* Records supplied:

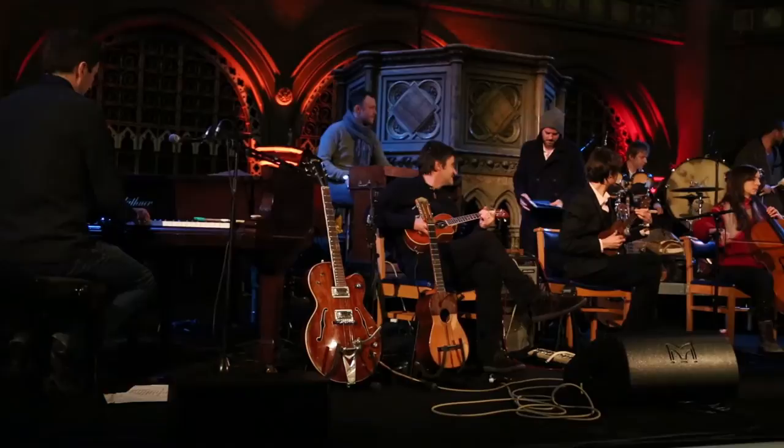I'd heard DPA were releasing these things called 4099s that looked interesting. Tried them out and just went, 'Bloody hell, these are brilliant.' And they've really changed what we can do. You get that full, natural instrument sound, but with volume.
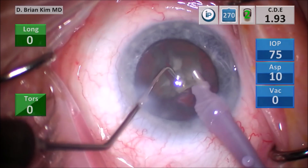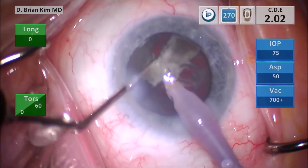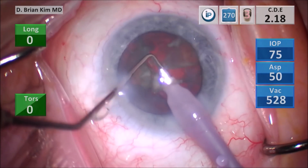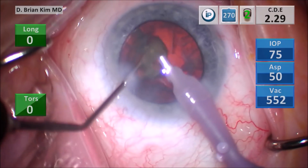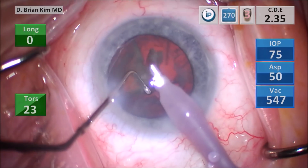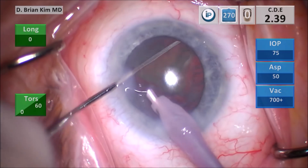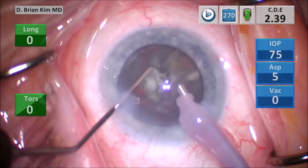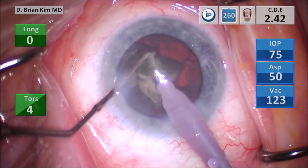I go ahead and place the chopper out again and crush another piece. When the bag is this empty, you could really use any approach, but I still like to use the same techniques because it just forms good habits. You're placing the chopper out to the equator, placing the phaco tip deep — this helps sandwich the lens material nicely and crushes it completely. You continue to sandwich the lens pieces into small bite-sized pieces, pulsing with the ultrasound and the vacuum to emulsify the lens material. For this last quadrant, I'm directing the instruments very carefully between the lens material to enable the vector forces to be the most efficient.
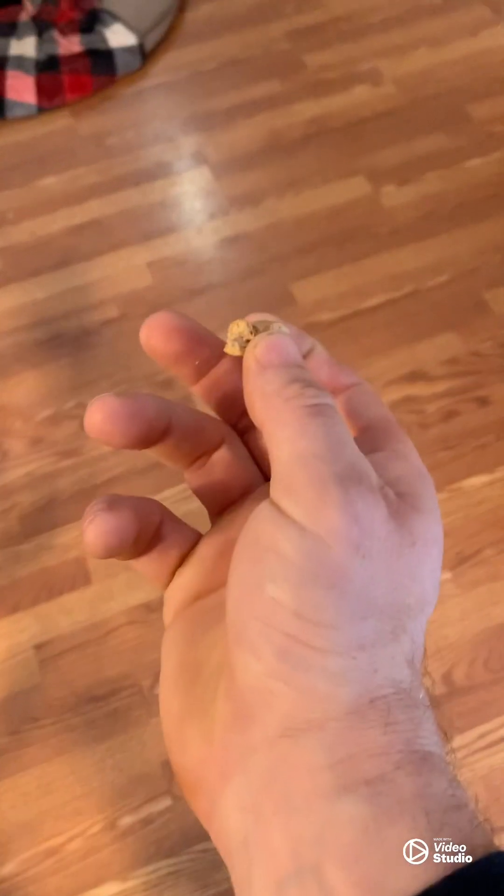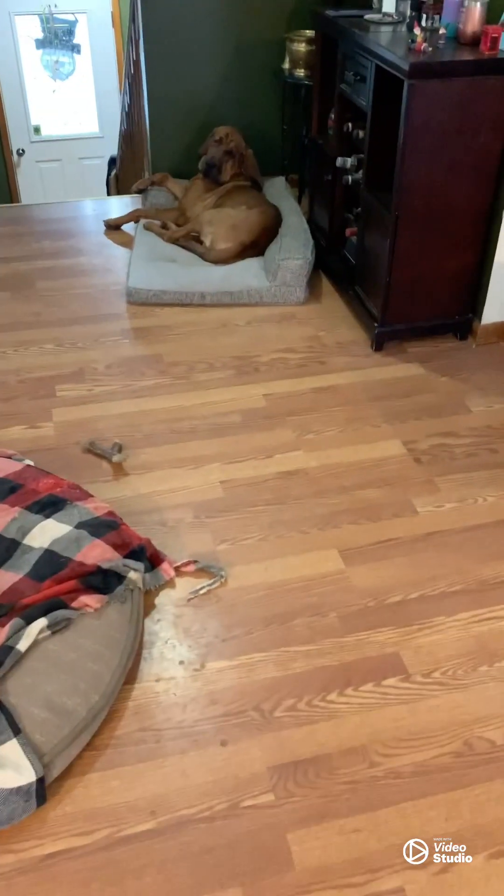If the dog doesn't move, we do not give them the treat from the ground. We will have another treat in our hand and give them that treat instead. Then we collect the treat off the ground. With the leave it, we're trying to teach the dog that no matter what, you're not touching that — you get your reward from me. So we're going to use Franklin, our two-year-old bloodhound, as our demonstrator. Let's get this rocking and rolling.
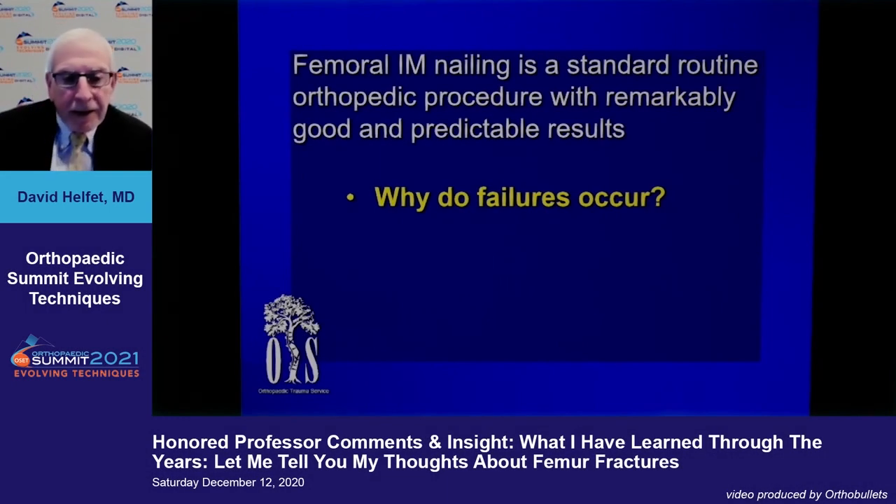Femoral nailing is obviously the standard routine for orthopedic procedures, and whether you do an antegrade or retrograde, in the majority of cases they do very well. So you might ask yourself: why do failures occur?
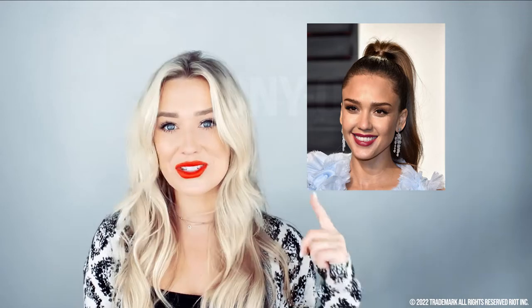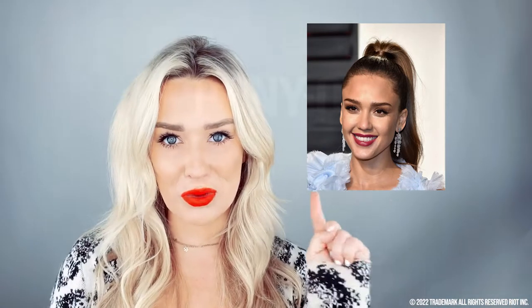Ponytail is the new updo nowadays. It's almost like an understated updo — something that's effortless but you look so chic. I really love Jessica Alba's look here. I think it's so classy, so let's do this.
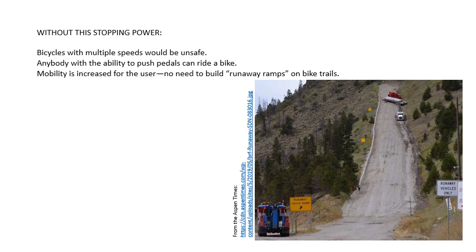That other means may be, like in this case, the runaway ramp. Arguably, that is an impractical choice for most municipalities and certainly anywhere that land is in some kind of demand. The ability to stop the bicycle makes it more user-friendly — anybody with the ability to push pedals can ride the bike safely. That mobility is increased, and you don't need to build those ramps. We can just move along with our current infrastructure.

* Assignment:
In the data above, start at the line holding "I go ahead and" and stop after the line holding "If the dog doesn't"; write out those lines exactly, without pictures.

* Your solution:
I go ahead and place the chopper out again and crush another piece. When the bag is this empty, you could really use any approach, but I still like to use the same techniques because it just forms good habits. You're placing the chopper out to the equator, placing the phaco tip deep — this helps sandwich the lens material nicely and crushes it completely. You continue to sandwich the lens pieces into small bite-sized pieces, pulsing with the ultrasound and the vacuum to emulsify the lens material. For this last quadrant, I'm directing the instruments very carefully between the lens material to enable the vector forces to be the most efficient.
If the dog doesn't move, we do not give them the treat from the ground. We will have another treat in our hand and give them that treat instead. Then we collect the treat off the ground. With the leave it, we're trying to teach the dog that no matter what, you're not touching that — you get your reward from me. So we're going to use Franklin, our two-year-old bloodhound, as our demonstrator. Let's get this rocking and rolling.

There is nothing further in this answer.